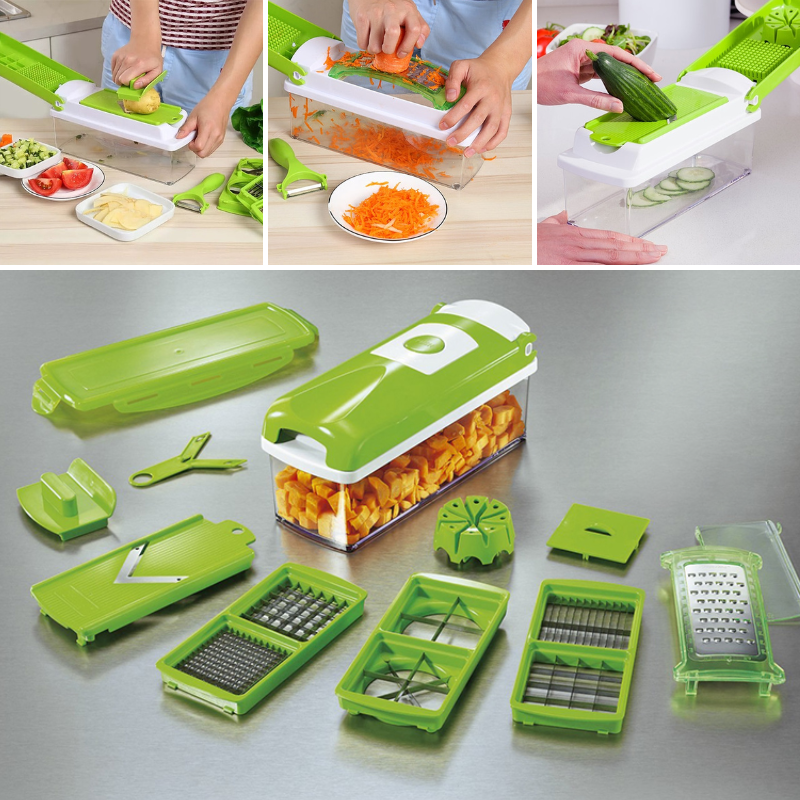 NOMOVA 12-in-1 Multifunctional Vegetable Cutter - Quickly and Safely Cut Vegetables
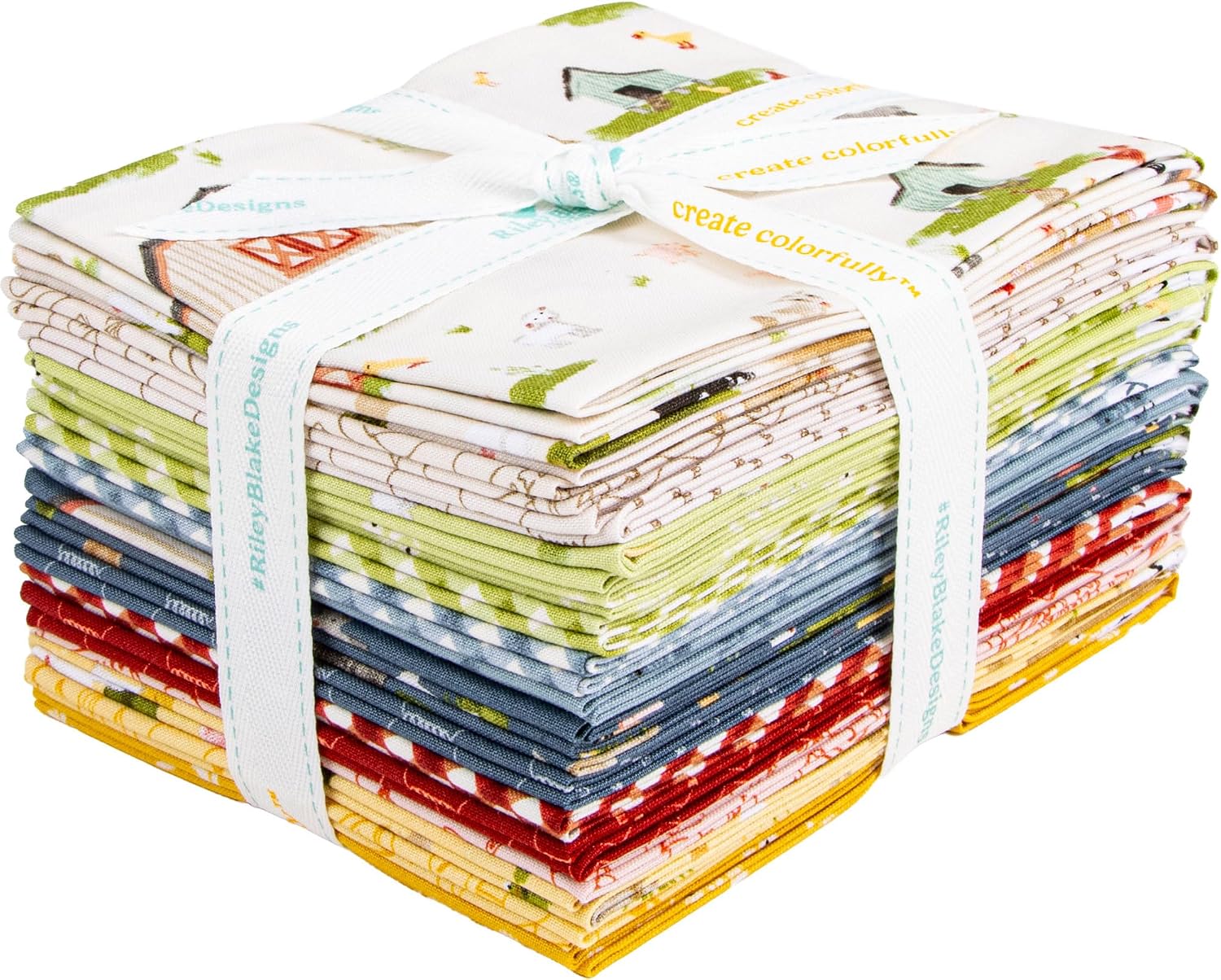 Kelsey Carlson Lil' Farm Friends 18 Fat Quarters Riley Blake Designs FQ-17940-18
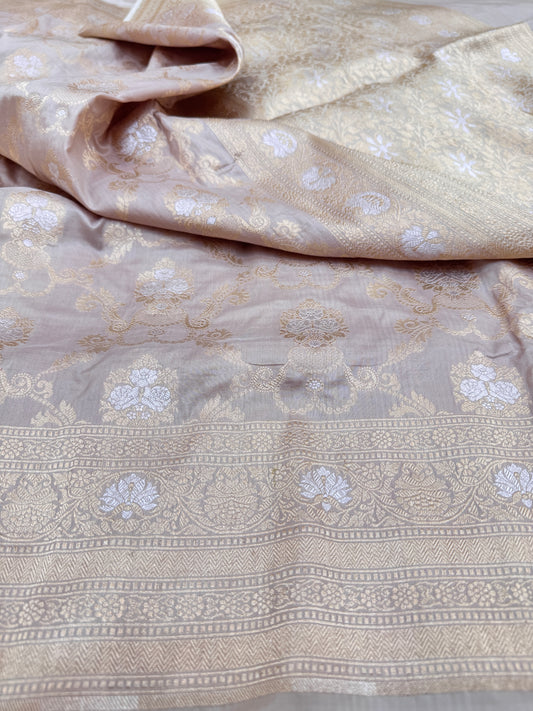 Pure Banarasi Katan Silk Sona Mina Jaal Saree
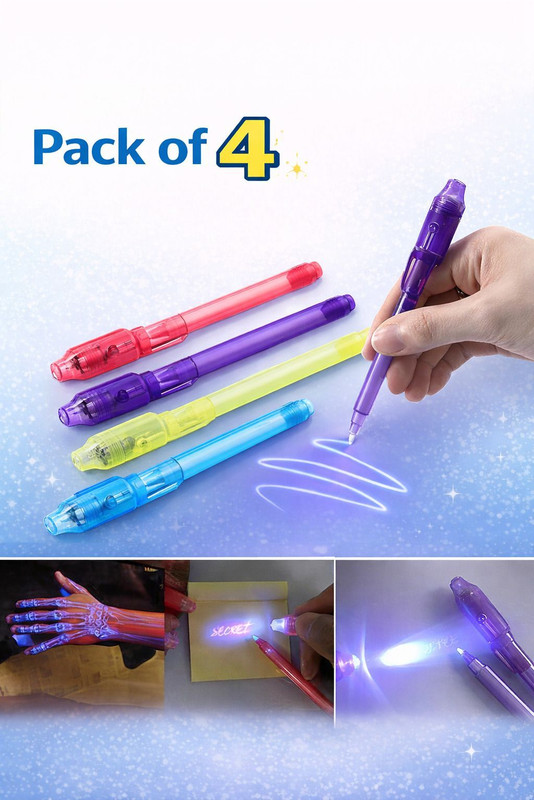 mummaskidscare Invisible Magic Pen with UV Light(Multicolor)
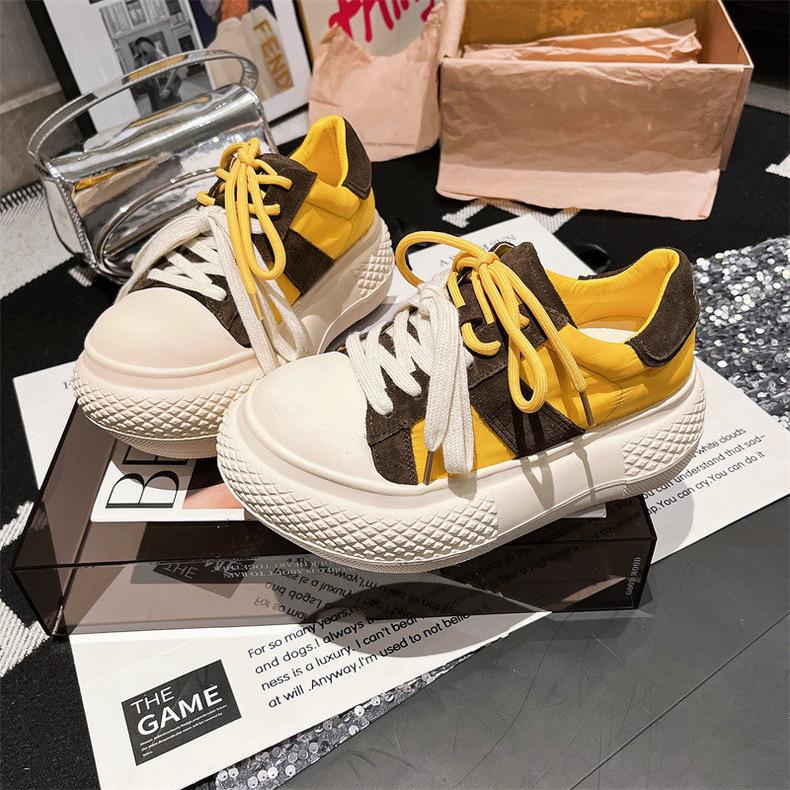 

Korean version of Mickey big head shell head ugly cute bread shoes color matching board shoes casual shoes canvas shoes women s shoes board shoes 40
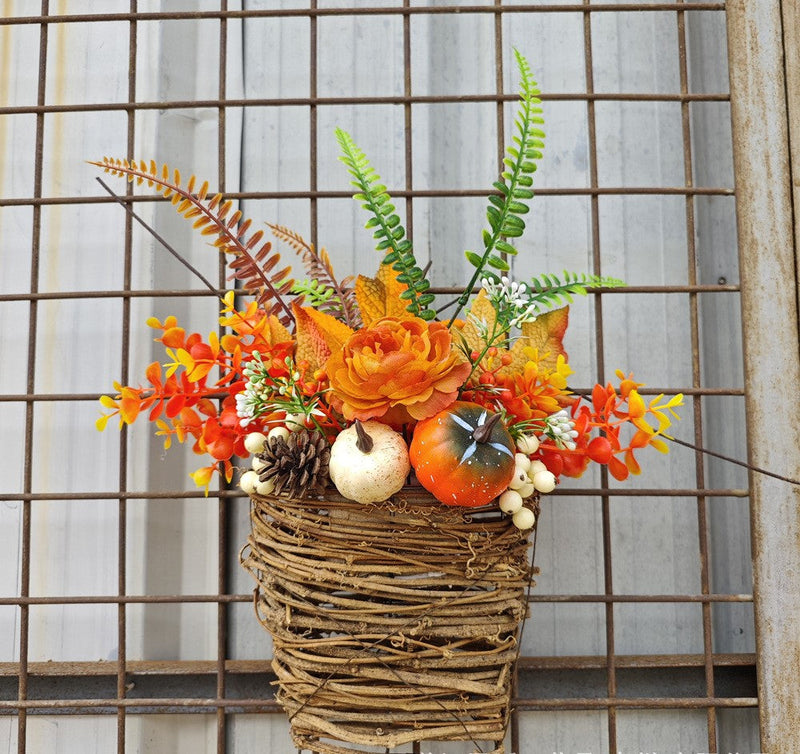 Artificial Maple Leaf and Pumpkin Door Hanger Wreath, Fall Harvest Thanksgiving Decor, 1 Piece, 14 Inch
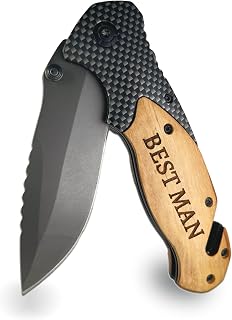 Best Man Pocket Knife Gift - Laser Engraved Wooden Knife Set With Glass Breaker, Seatbelt Cutter & Belt Clip - Ideal Best Man Proposal or Wedding Gift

■ ■ ■ ■ ■ ■ ■

Give the lines again exactly, beginning with the first line of the records above and ending with the line that contains "Artificial Maple Leaf", and include no pictures.

 NOMOVA 12-in-1 Multifunctional Vegetable Cutter - Quickly and Safely Cut Vegetables
 Kelsey Carlson Lil' Farm Friends 18 Fat Quarters Riley Blake Designs FQ-17940-18
 Pure Banarasi Katan Silk Sona Mina Jaal Saree
 mummaskidscare Invisible Magic Pen with UV Light(Multicolor)

Korean version of Mickey big head shell head ugly cute bread shoes color matching board shoes casual shoes canvas shoes women s shoes board shoes 40
 Artificial Maple Leaf and Pumpkin Door Hanger Wreath, Fall Harvest Thanksgiving Decor, 1 Piece, 14 Inch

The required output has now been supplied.